Taking the entries below, transcribe only the lines starting with the one with "Enchanted (2007) Korean" and going on through the one with "BACKSTITCH Composition Tæppe", exactly as written, without the pictures.

*** Dataset records Section Begins ***

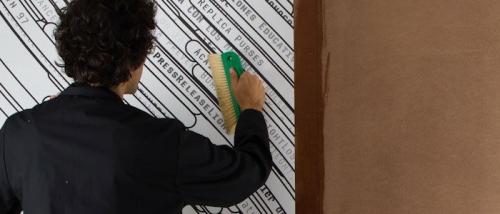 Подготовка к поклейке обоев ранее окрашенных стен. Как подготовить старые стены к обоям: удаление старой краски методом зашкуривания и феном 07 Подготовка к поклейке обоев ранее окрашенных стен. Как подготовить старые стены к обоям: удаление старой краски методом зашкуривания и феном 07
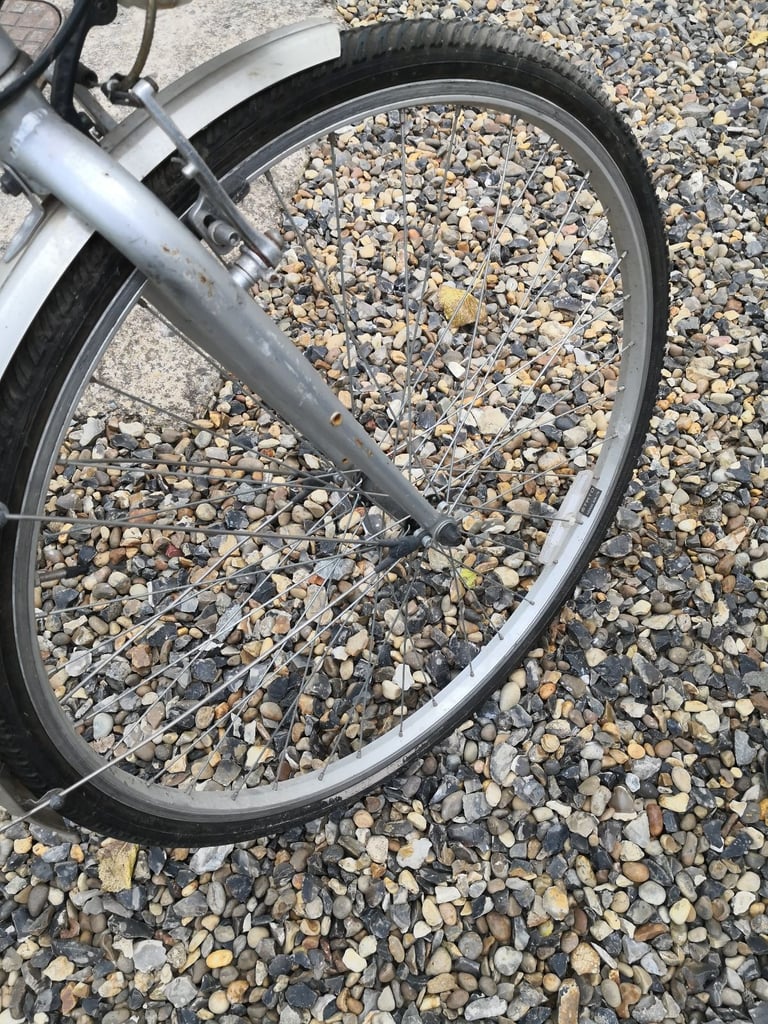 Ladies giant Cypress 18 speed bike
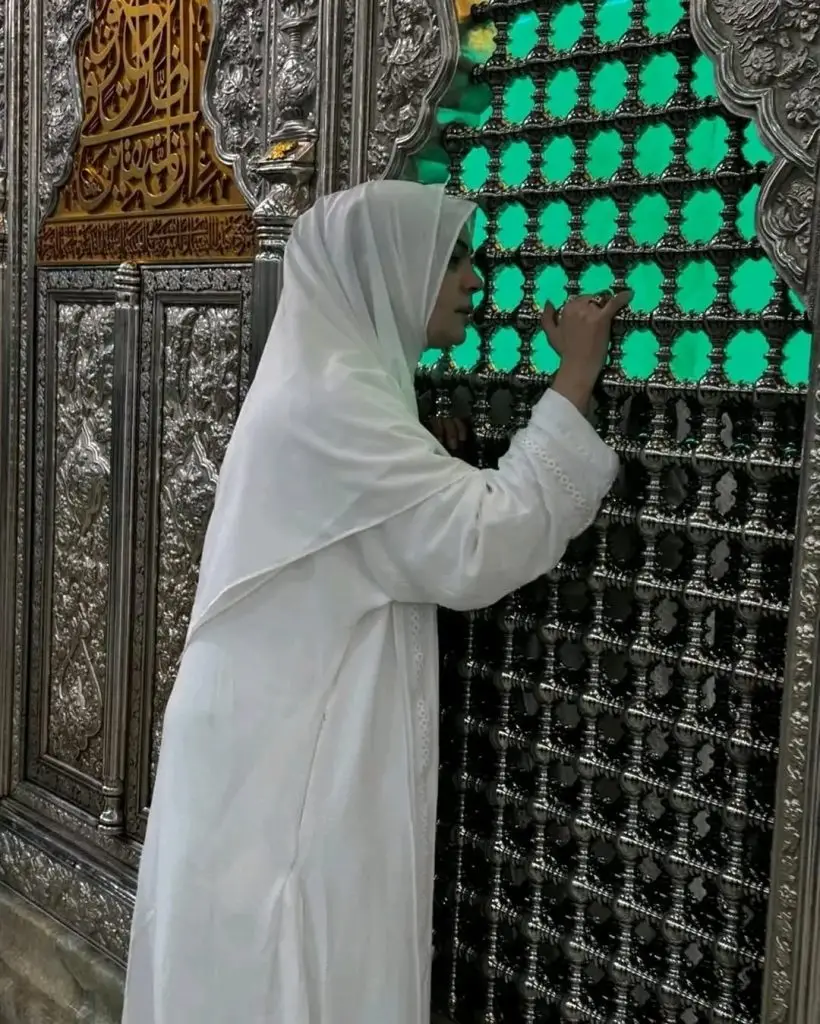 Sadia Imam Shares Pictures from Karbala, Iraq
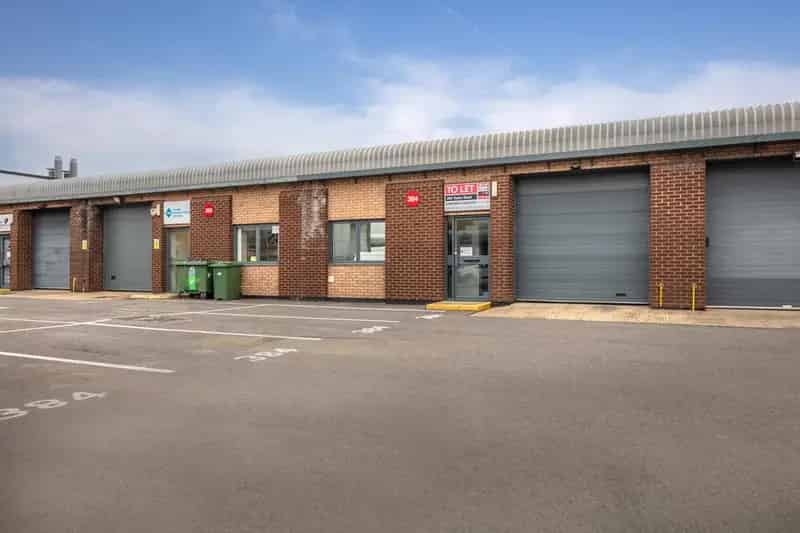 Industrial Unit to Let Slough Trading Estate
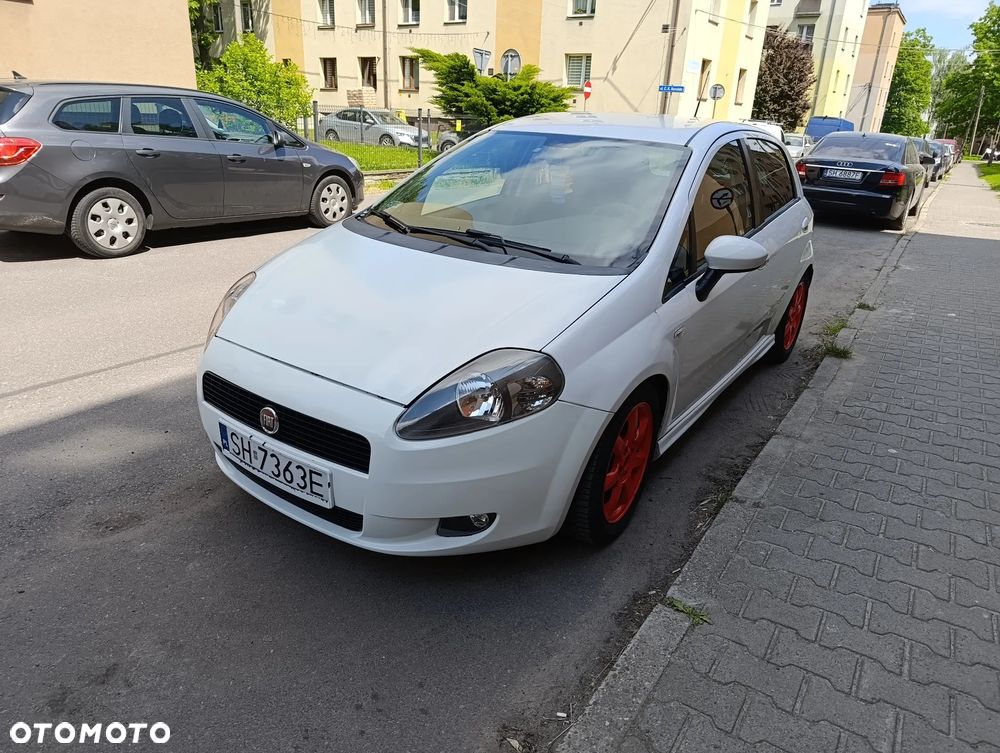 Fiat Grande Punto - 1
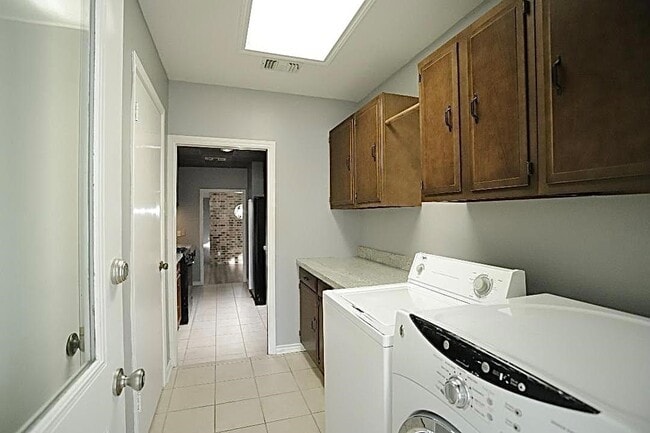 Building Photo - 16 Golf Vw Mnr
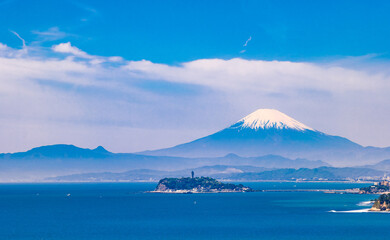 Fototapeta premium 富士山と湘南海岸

*** Dataset records Section Ends ***
*** Dataset records Section Begins ***

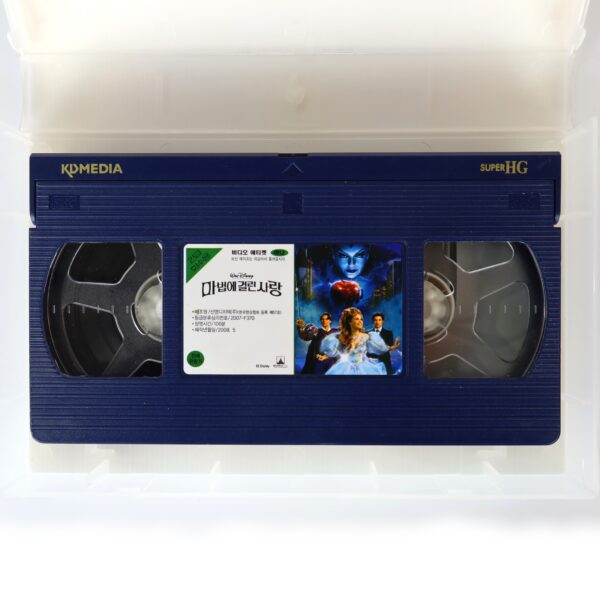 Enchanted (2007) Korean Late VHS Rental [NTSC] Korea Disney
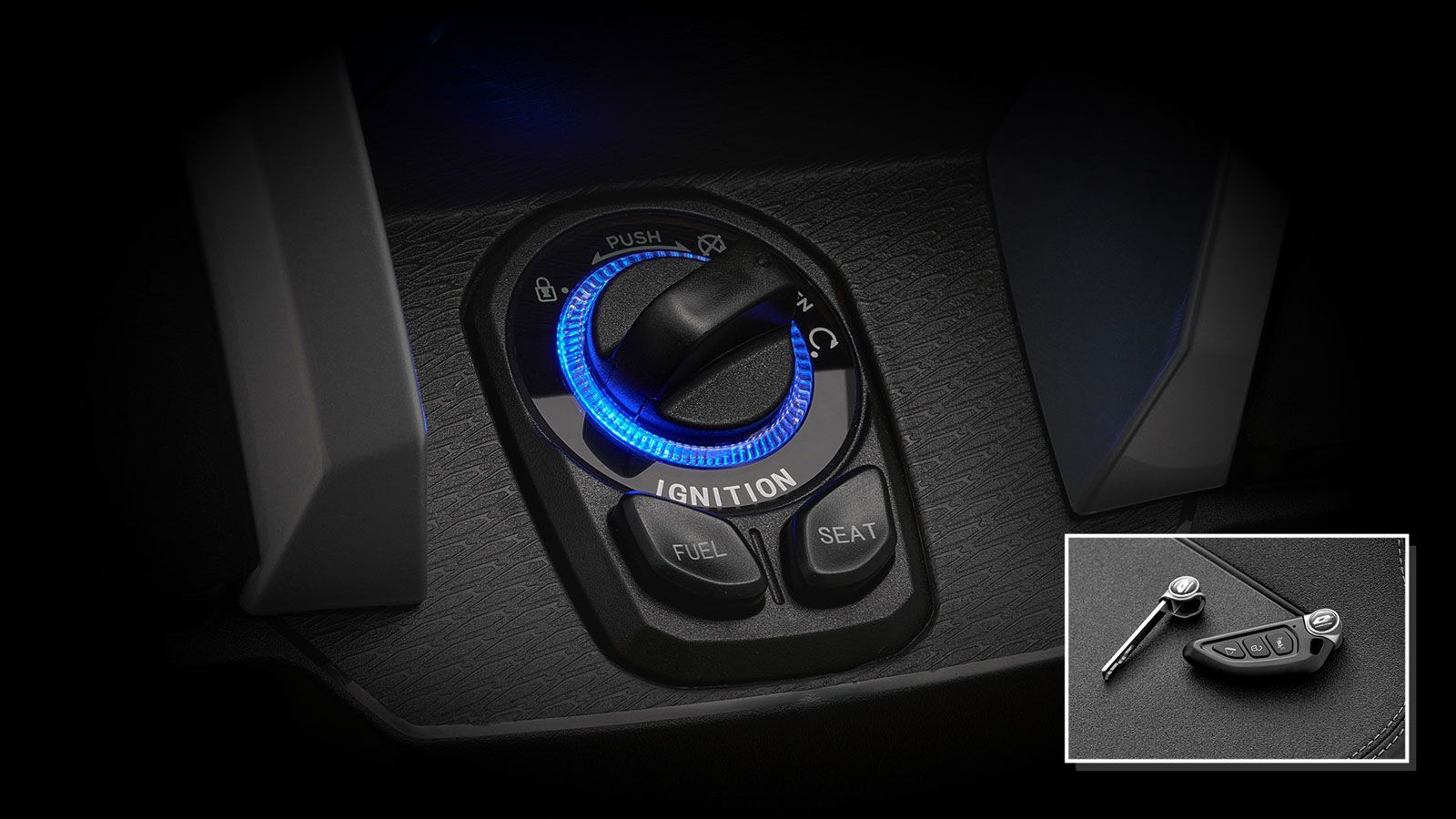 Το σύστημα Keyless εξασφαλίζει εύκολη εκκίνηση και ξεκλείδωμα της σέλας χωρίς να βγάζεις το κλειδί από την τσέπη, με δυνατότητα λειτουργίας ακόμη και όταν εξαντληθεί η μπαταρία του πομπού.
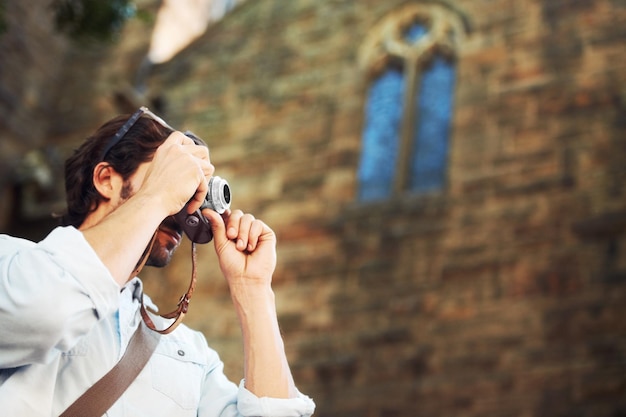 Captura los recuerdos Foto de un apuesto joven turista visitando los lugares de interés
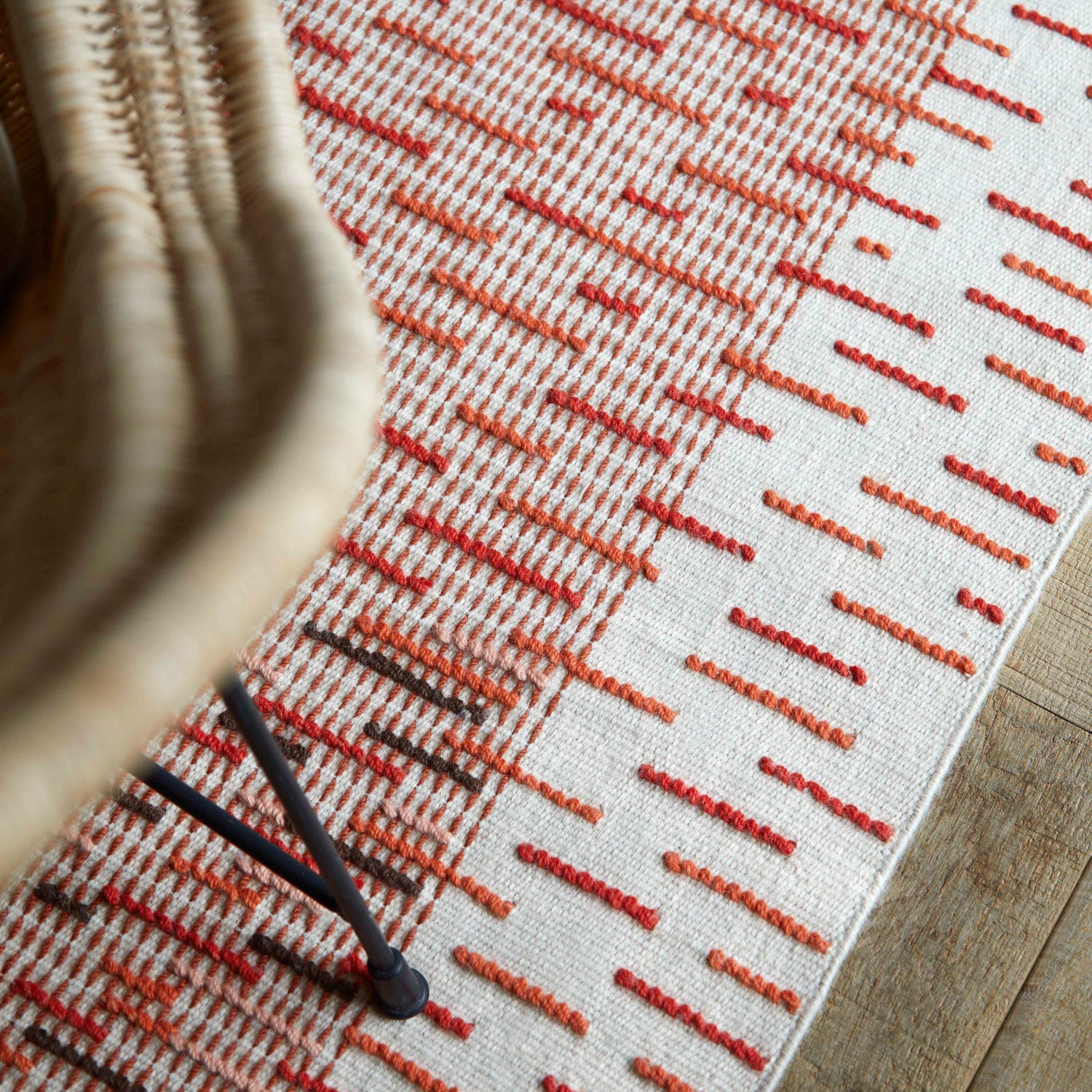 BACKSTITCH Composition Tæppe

*** Dataset records Section Ends ***
*** Dataset records Section Begins ***

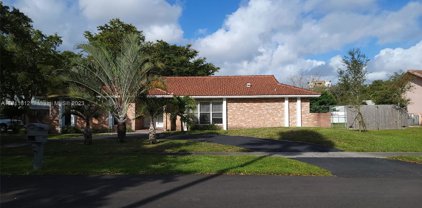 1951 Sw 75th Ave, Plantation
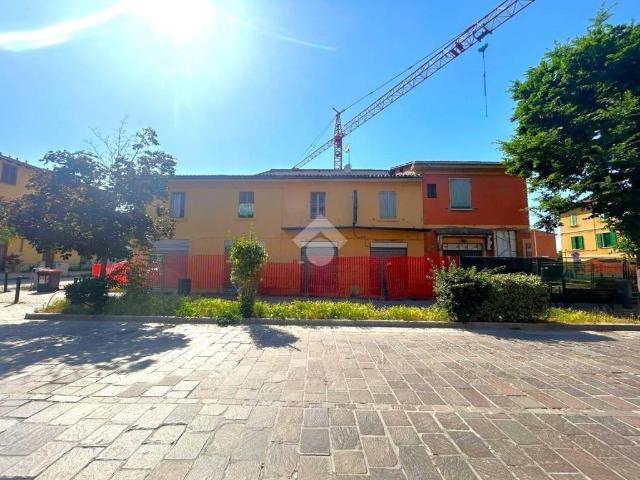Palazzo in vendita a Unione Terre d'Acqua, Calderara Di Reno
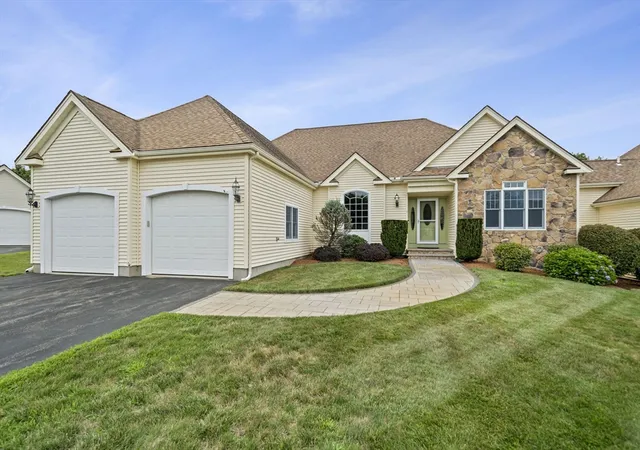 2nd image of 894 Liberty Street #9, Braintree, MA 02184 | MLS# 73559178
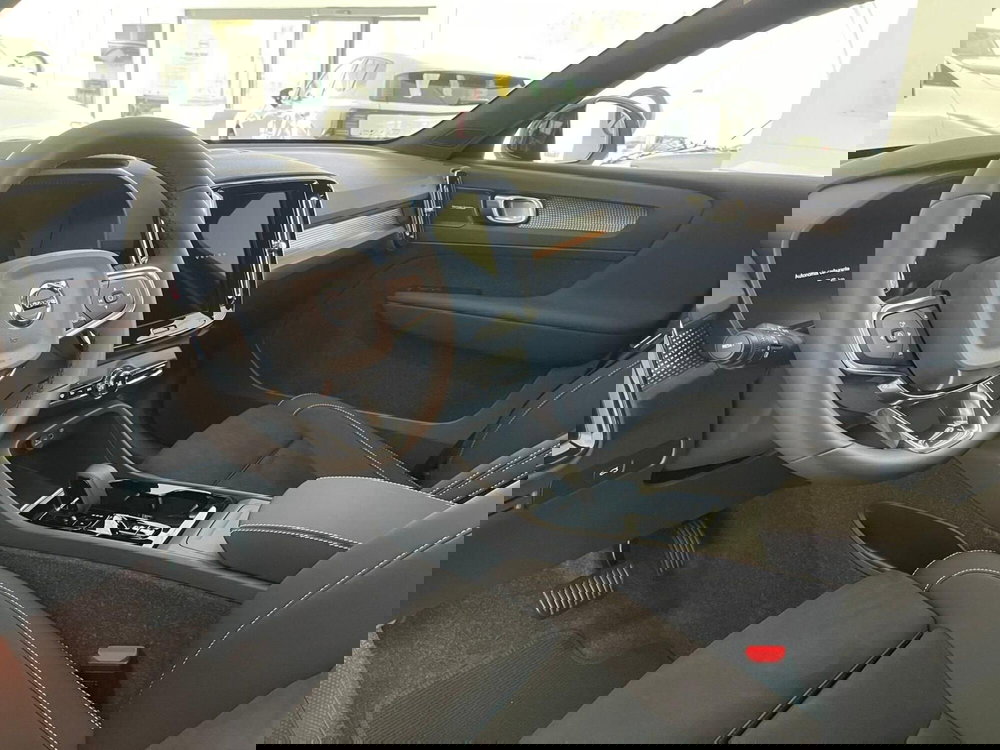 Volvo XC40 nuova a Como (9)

*** Dataset records Section Ends ***

* Solved exercise
 Enchanted (2007) Korean Late VHS Rental [NTSC] Korea Disney
 Το σύστημα Keyless εξασφαλίζει εύκολη εκκίνηση και ξεκλείδωμα της σέλας χωρίς να βγάζεις το κλειδί από την τσέπη, με δυνατότητα λειτουργίας ακόμη και όταν εξαντληθεί η μπαταρία του πομπού.
 Captura los recuerdos Foto de un apuesto joven turista visitando los lugares de interés
 BACKSTITCH Composition Tæppe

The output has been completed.